ACTIVITY >>
With the first line as the start and the line containing "Photo 11- click for photo gallery" as the end, write out every line of the records exactly.

Collection entries:
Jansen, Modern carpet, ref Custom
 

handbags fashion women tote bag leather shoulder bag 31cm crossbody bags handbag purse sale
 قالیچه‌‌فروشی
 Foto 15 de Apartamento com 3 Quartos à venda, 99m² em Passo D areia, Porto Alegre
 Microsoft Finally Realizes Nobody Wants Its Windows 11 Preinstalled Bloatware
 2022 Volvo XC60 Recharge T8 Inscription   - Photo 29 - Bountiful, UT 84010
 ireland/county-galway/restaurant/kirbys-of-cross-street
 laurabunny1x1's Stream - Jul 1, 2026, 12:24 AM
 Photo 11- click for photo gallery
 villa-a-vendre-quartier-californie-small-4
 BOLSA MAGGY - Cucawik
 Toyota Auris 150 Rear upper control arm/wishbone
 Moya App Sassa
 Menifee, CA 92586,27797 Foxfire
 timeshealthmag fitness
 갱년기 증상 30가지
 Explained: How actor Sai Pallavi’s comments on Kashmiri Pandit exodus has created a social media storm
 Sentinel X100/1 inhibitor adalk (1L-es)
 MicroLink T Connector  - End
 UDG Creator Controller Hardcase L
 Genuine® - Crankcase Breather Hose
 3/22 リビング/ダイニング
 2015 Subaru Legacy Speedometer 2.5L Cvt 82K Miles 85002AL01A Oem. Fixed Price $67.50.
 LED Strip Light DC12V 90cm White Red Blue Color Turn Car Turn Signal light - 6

SOLUTION BELOW >>
Jansen, Modern carpet, ref Custom
 

handbags fashion women tote bag leather shoulder bag 31cm crossbody bags handbag purse sale
 قالیچه‌‌فروشی
 Foto 15 de Apartamento com 3 Quartos à venda, 99m² em Passo D areia, Porto Alegre
 Microsoft Finally Realizes Nobody Wants Its Windows 11 Preinstalled Bloatware
 2022 Volvo XC60 Recharge T8 Inscription   - Photo 29 - Bountiful, UT 84010
 ireland/county-galway/restaurant/kirbys-of-cross-street
 laurabunny1x1's Stream - Jul 1, 2026, 12:24 AM
 Photo 11- click for photo gallery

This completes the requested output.